WHAT IS EXPECTED | From the first line to the last, retype the records exactly and skip the pictures.
[[ EXERCISE DATA, beginning ]]
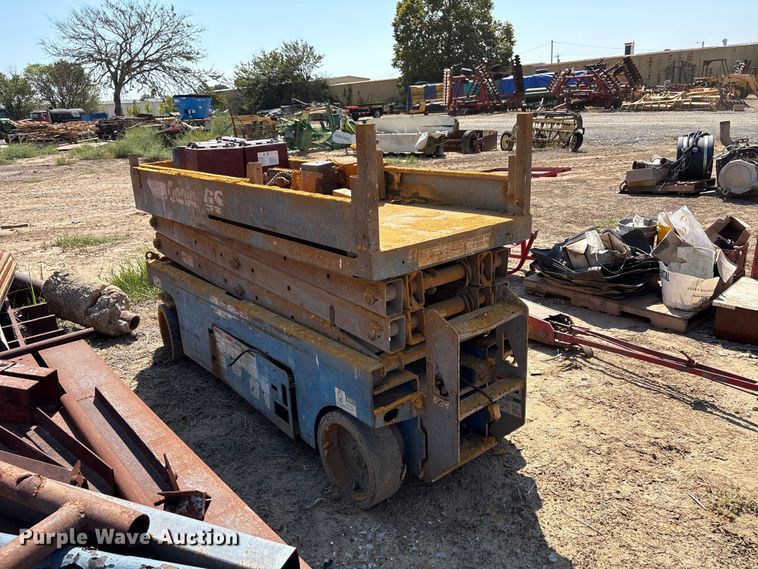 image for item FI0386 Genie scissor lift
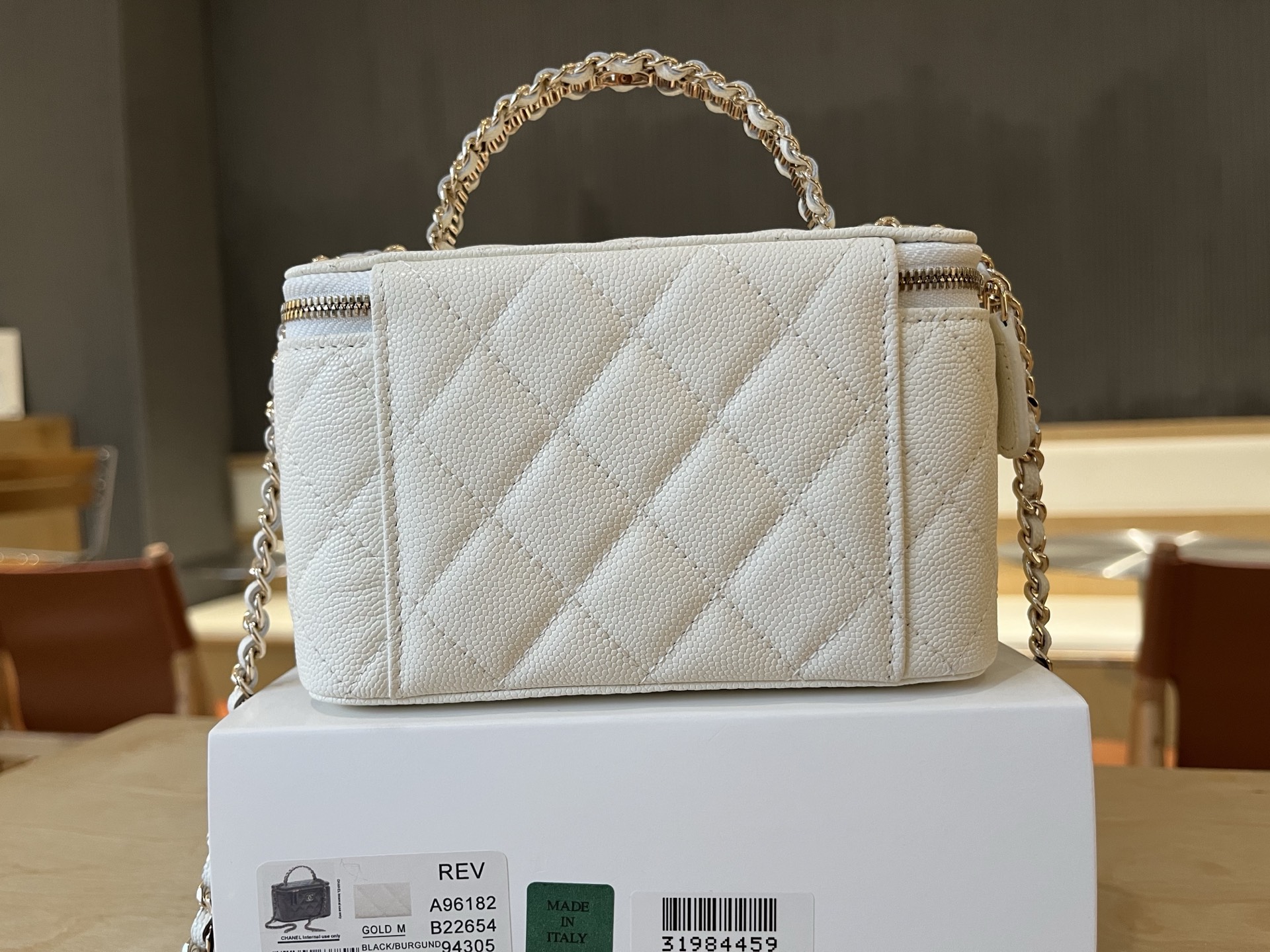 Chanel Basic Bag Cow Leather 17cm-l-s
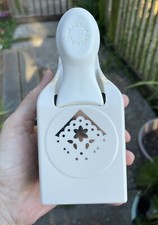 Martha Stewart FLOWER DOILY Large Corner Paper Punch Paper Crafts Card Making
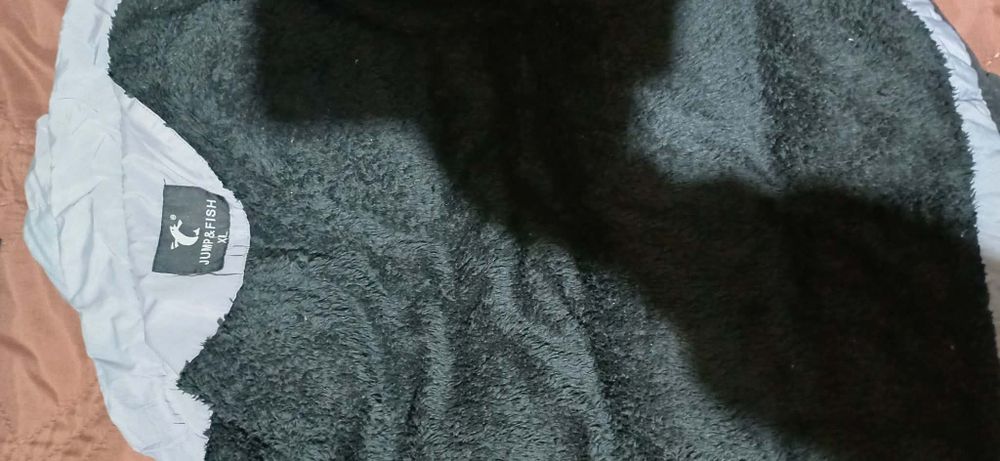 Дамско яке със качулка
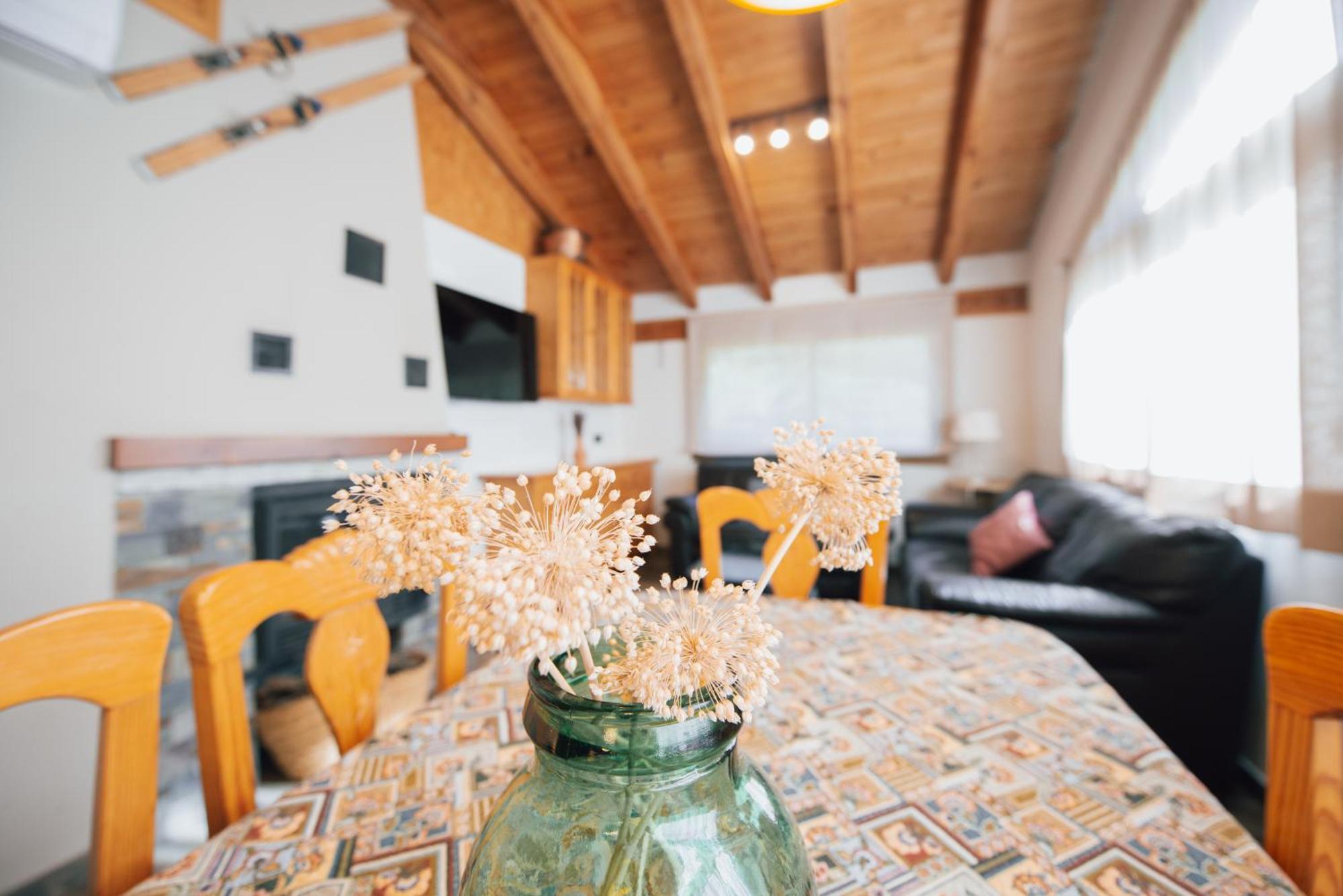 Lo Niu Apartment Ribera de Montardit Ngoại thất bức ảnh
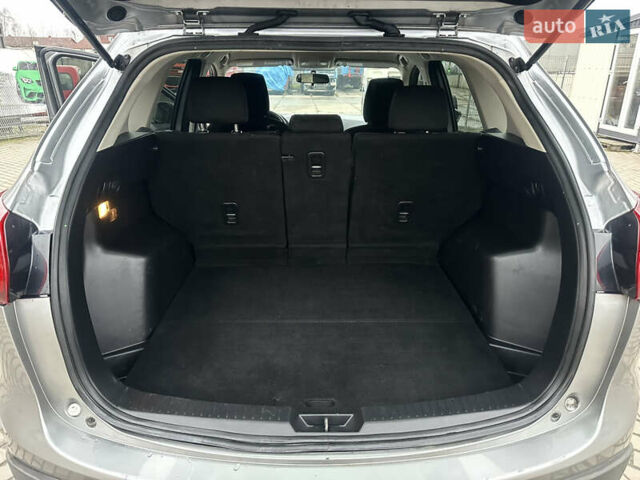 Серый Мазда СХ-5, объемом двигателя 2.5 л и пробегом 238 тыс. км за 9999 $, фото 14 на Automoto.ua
[[ EXERCISE DATA, end ]]
SOLUTION TO THIS EXERCISE |
 image for item FI0386 Genie scissor lift
 Chanel Basic Bag Cow Leather 17cm-l-s
 Martha Stewart FLOWER DOILY Large Corner Paper Punch Paper Crafts Card Making
 Дамско яке със качулка
 Lo Niu Apartment Ribera de Montardit Ngoại thất bức ảnh
 Серый Мазда СХ-5, объемом двигателя 2.5 л и пробегом 238 тыс. км за 9999 $, фото 14 на Automoto.ua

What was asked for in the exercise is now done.